Quels sont les rapports du FAFPA avec les autres institutions du secteur de la formation professionnelle, de l’apprentissage et de l’insertion des jeunes ?
Le FAFPA entretient des rapports étroits et complémentaires avec l’ensemble des acteurs institutionnels du secteur de la formation professionnelle, de l’apprentissage et de l’insertion des jeunes. Ces relations se traduisent principalement par la coordination des interventions. Le FAFPA œuvre en synergie avec le Ministère en charge de la Formation Professionnelle, celui en charge de l’Emploi, celui en charge de l’Artisanat, celui en charge de l’Agriculture, celui en charge du Commerce, et celui en charge de la Jeunesse afin d’assurer une cohérence entre ses actions et les politiques publiques nationales.

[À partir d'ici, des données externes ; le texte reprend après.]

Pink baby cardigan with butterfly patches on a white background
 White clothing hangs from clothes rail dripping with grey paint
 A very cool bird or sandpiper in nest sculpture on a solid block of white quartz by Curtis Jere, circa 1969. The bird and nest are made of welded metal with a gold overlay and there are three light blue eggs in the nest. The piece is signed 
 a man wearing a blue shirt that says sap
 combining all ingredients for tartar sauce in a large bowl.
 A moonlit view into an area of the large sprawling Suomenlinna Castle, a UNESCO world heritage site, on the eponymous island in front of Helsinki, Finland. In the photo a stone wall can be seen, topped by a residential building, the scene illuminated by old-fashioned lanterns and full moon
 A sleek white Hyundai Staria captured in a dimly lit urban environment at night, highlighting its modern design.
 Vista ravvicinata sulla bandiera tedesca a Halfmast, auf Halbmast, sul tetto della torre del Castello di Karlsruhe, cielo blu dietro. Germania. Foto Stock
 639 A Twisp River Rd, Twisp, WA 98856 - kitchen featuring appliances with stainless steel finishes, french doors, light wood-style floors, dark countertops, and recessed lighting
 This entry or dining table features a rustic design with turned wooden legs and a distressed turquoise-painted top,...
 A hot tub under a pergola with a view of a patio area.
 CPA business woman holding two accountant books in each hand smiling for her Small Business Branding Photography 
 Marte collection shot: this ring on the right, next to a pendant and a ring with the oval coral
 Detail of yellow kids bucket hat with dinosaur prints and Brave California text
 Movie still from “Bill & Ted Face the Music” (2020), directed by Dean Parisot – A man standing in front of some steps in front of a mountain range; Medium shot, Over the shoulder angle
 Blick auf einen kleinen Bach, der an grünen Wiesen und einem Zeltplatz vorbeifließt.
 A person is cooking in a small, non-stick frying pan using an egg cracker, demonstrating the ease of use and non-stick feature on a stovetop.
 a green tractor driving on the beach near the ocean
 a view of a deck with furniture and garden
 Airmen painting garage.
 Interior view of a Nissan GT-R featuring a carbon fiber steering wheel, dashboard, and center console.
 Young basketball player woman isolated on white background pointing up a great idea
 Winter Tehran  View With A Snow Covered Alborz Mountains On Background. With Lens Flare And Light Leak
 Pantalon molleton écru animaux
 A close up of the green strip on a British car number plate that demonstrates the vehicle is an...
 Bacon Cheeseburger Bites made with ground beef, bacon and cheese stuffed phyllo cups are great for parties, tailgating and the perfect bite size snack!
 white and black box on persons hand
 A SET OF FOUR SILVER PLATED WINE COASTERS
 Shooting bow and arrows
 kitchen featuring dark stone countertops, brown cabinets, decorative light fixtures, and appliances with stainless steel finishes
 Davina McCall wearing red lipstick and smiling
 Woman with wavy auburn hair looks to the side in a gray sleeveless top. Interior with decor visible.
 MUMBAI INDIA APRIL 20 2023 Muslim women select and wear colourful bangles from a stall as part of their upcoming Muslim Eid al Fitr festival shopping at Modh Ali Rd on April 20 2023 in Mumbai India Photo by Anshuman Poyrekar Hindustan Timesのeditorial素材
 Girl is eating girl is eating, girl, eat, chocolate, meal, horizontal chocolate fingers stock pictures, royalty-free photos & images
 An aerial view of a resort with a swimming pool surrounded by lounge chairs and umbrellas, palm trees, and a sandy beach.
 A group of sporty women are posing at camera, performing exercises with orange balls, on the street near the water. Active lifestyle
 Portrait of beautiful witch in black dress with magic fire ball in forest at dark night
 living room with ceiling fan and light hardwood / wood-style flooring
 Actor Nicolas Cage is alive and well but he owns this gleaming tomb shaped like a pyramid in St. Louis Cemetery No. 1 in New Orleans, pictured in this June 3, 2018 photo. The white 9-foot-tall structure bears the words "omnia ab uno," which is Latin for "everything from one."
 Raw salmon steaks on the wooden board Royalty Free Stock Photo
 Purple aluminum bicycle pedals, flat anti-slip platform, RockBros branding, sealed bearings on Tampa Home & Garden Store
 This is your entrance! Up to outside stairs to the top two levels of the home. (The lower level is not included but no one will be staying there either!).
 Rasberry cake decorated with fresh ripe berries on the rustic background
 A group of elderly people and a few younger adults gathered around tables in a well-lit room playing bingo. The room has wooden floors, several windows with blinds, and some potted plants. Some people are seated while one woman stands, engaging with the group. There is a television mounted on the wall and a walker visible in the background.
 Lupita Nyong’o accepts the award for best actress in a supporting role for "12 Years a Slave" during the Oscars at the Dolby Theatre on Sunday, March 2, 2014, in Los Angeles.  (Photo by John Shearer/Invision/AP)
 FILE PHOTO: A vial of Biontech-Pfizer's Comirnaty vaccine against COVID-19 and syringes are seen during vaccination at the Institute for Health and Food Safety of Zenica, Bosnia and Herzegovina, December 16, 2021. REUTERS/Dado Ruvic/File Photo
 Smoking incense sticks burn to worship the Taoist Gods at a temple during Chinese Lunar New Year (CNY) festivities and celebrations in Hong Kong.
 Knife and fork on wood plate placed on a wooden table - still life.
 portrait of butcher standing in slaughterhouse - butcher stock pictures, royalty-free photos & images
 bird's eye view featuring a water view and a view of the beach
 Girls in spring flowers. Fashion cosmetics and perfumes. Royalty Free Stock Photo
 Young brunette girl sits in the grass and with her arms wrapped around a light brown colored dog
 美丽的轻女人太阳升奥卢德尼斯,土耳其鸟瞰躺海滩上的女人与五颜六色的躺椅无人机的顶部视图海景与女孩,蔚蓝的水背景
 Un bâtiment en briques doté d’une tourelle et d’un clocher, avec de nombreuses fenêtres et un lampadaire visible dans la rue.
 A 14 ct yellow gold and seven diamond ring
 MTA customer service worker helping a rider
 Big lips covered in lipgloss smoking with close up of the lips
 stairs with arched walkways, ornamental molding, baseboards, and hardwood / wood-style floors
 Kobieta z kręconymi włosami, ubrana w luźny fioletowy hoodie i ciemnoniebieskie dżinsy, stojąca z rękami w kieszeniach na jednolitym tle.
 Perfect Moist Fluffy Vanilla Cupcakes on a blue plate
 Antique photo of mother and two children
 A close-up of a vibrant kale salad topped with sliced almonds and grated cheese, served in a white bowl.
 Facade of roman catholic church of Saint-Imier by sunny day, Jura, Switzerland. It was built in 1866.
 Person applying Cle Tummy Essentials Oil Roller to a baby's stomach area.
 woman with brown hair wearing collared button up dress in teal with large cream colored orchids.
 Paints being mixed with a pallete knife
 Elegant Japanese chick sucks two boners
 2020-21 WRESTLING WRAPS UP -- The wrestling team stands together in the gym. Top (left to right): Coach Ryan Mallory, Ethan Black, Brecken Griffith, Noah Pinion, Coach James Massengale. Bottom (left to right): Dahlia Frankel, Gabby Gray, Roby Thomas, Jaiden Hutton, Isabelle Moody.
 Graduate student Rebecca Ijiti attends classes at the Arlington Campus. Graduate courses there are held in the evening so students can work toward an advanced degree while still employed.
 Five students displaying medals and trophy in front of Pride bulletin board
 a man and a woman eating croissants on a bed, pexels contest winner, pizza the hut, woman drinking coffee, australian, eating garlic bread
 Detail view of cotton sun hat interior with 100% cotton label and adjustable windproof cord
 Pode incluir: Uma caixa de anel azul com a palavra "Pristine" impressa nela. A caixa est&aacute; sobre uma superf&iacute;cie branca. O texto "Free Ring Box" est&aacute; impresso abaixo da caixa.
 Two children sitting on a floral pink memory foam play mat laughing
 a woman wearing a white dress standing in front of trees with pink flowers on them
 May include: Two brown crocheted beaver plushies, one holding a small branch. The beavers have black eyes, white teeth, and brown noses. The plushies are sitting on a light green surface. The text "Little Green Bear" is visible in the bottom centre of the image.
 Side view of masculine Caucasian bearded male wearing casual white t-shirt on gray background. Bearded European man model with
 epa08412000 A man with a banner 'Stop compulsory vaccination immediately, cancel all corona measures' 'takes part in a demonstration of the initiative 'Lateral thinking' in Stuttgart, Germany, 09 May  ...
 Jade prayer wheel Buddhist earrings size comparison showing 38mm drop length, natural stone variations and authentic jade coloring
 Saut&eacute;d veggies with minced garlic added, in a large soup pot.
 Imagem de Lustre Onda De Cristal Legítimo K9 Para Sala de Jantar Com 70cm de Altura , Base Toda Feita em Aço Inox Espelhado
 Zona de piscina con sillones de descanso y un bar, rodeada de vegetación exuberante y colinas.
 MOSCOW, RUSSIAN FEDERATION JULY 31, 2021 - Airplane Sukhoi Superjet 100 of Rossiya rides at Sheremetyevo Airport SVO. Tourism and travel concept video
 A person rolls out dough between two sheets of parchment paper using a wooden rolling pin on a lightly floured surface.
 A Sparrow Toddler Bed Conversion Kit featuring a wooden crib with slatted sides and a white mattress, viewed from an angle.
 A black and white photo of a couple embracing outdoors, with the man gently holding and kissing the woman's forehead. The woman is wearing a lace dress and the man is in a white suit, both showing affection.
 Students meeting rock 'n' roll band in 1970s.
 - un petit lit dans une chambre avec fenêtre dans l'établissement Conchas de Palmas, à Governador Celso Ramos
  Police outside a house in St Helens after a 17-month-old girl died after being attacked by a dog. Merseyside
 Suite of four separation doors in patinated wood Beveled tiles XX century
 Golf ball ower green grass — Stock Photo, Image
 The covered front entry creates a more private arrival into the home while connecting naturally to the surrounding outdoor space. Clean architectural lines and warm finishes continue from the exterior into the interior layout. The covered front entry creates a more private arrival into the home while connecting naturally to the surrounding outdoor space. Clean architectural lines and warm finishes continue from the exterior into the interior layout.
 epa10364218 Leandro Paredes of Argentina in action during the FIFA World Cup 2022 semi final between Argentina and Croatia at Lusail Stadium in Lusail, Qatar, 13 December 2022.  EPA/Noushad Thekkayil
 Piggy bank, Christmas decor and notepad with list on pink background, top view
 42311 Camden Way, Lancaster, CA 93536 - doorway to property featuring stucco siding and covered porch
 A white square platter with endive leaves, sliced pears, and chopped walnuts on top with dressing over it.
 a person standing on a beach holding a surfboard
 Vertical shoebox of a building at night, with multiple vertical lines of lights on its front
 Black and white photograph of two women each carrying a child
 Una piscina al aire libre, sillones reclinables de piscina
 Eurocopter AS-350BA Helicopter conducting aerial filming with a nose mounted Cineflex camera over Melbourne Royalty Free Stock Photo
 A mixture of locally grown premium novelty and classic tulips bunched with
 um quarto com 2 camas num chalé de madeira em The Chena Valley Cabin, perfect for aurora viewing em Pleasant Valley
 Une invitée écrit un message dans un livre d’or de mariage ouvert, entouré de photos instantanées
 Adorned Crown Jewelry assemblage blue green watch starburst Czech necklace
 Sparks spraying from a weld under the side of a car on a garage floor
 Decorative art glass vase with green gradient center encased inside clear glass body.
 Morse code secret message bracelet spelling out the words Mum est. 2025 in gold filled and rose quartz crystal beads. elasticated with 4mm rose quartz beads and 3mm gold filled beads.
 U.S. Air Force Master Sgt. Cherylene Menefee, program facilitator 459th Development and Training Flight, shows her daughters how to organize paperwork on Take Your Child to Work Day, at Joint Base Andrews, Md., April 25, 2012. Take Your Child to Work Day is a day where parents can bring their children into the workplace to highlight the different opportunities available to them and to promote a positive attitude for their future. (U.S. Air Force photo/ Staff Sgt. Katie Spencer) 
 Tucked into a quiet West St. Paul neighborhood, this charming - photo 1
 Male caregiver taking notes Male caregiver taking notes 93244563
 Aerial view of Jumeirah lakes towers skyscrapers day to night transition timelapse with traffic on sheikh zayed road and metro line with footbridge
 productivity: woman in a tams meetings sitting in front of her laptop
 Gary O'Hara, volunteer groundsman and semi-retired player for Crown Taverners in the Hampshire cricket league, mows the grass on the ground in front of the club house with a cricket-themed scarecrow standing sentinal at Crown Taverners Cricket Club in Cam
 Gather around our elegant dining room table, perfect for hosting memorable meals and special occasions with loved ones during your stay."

S’agissant du partenariat opérationnel, il collabore avec les centres publics et privés de formation, les chambres consulaires, les organisations professionnelles et les associations de jeunes, en vue de soutenir et de financer des actions de formation adaptées aux besoins du marché du travail.
En ce qui concerne la complémentarité des missions, le FAFPA apporte un appui financier et technique aux dispositifs nationaux d’apprentissage et d’insertion mis en œuvre par d’autres institutions, renforçant ainsi leur efficacité et leur portée.
L’ancrage dans les dispositifs de gouvernance à travers sa participation aux cadres de concertation sectoriels, le FAFPA contribue activement à la réflexion stratégique et au suivi-évaluation des politiques et programmes relatifs à la formation et à l’emploi.
En résumé, les rapports du FAFPA avec les autres institutions reposent sur une logique de concertation, de partenariat et de complémentarité, dans l’optique de renforcer la pertinence et l’impact des actions menées en faveur de l’employabilité et de l’insertion des jeunes.
Quelles sont, enfin, vos perspectives ?
Les perspectives du FAFPA s’inscrivent dans une dynamique de consolidation et d’innovation visant à renforcer son rôle de levier stratégique pour le développement des compétences professionnelles et l’insertion socio-économique des jeunes. Dans cette optique, le FAFPA envisage notamment l’élargissement de son champ d’intervention, à travers la diversification des secteurs prioritaires, en tenant compte des besoins émergents de l’économie nationale et des mutations du marché du travail, la mise en place de mécanismes renforcés d’adéquation formation-emploi. Il prévoit également le renforcement de la gouvernance et de la transparence, par une gestion axée sur les résultats et un suivi-évaluation rigoureux, permettant d’optimiser l’impact des ressources mobilisées, l’accroissement des partenariats stratégiques, tant au niveau national qu’international, pour mobiliser des financements complémentaires et bénéficier de transferts d’expertise technique, l’accompagnement des initiatives entrepreneuriales des jeunes et des femmes, à travers des dispositifs adaptés de formation, de financement, de l’appui conseil et de suivi post-formation et la digitalisation progressive des processus de gestion et de suivi, afin de moderniser l’action du FAFPA et de rapprocher davantage ses services des bénéficiaires.
Ces perspectives traduisent l’ambition du FAFPA de demeurer un acteur central et crédible dans la mise en œuvre des politiques publiques en matière de formation professionnelle, d’apprentissage et d’employabilité des jeunes, contribuant ainsi au succès de la Refondation nationale.